The Current State of Windows Phone 7

The mobile operating system designed to save Microsoft’s mobile business is struggling.  A month and a half after its launch, Windows Phone 7 is outnumbered over 100 to 1 by both Android and iPhone, based on traffic through the Chitika ad network.

Over the past three weeks, for every one Windows Phone 7 impression we see, there are 110 Android impressions and 172 iPhone impressions.  That number is remaining relatively stable, with very little significant market share growth in WP7.

Although the mobile operating system has received generally positive reviews, it appears to be struggling to gain a foothold against Google and Apple’s well-established entries into the smartphone market.

Given that both Android and iPhone see their biggest spikes in usage during weekends, Microsoft may do well to position Windows Phone 7 as a BlackBerry nemesis rather than an iPhone/Android killer – the corporate worker’s smartphone of 2011.

For more information on this study, contact:

Daniel Ruby
Research Director, Online Insights
Chitika, Inc.
+866.441.7203 x966
press@chitika.com

32 comments

  1. Already 100:1 againt Android with 80M+ devices? That’s actually pretty good for Windows Phone 7. People need to keep in mind it’s been only a month and WP7 is not available for many carriers and countries yet.

  2. 20 days … 20 days after launch you are able to make an assessment to the long term viability of a product. Android didn’t gain much traction until the DROID ad blitz by Motorola. Not much analysis could possibly be done on your part to make your snap judgment.

  3. Research director? For someone with such a title, you would expect a rather more scientific approach in the assessment. This guy is a blogger at best, not a “researcher.”

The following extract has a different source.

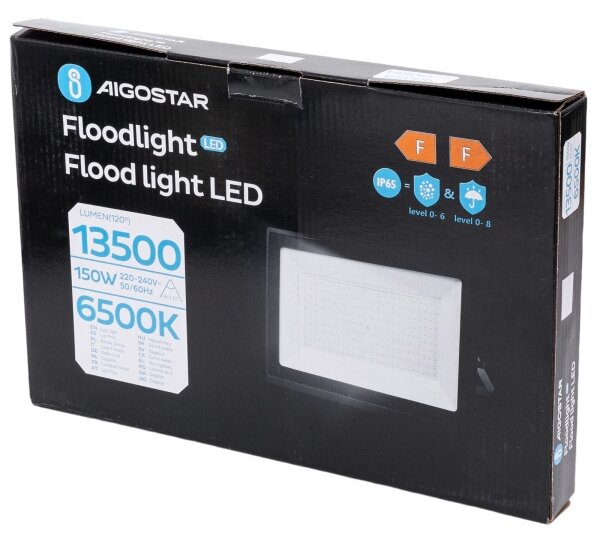 Aigostar - LED Reflektor LED/150W/230V 6500K IP65 černá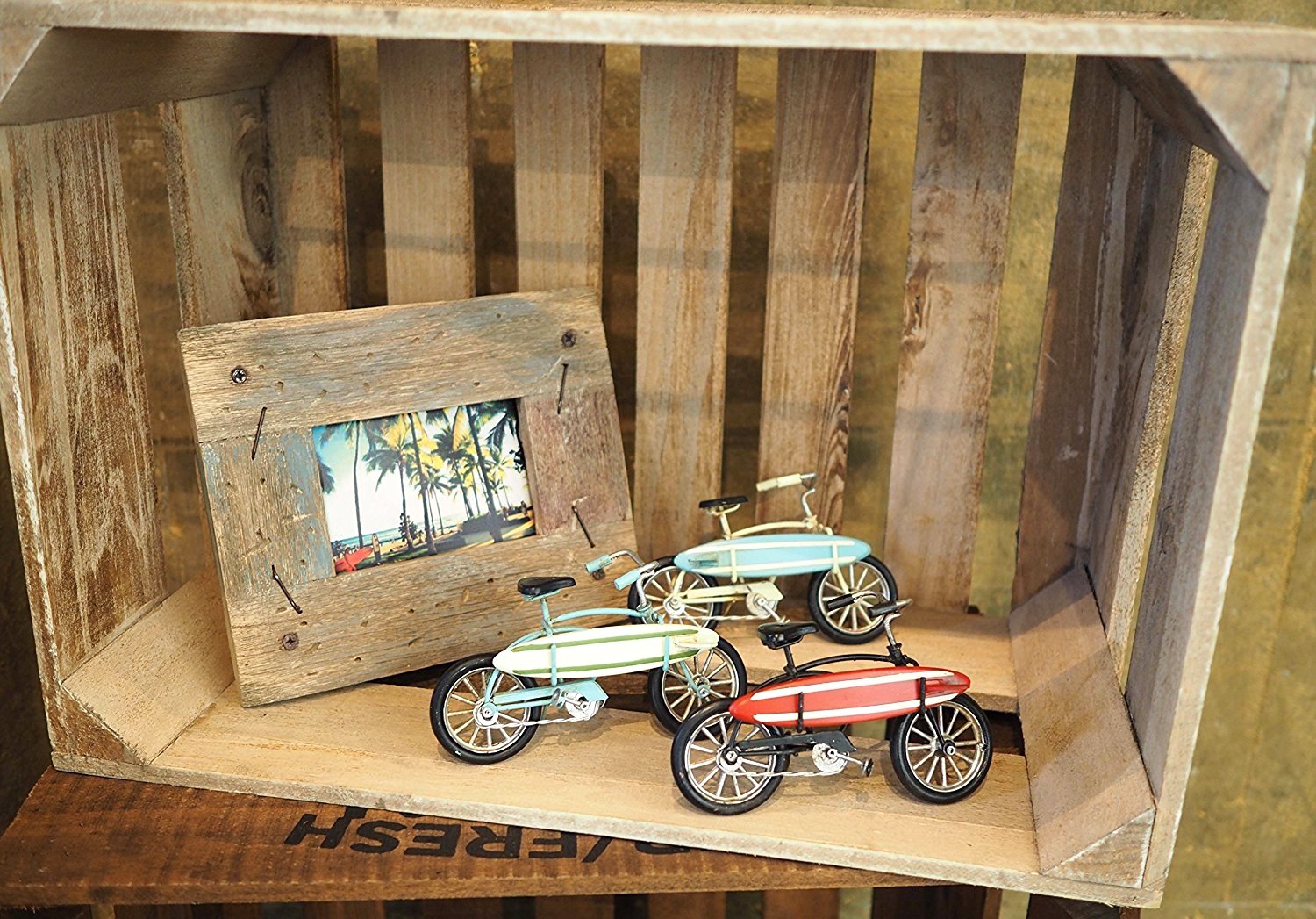 Amazon.co.jp: ノスタルジックデコ 自転車 サーフィンバイク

  4. Haha, all those WP7 fanboys are hilarious. What’s not scientific about this approach? If there are 80million Android devices in use, that means there are about 700,000 WP7 devices. That’s not a success by any measure. Even the Palm Pre sold faster, measured against overall smartphone sales in 2009, and that was one phone in one country.

  5. What’s not scientific about this? How about it only measures through their ad network? Maybe 99.9% of all Phone 7’s don’t view ads!?! Or maybe there are not 100,000 apps that are ad supported for the platform (like iPhone). You can’t tell me the total web traffic of a phone from the ad usage. MAYBE you can if you are actually looking at all the server logs and viewing which are mobile for a website.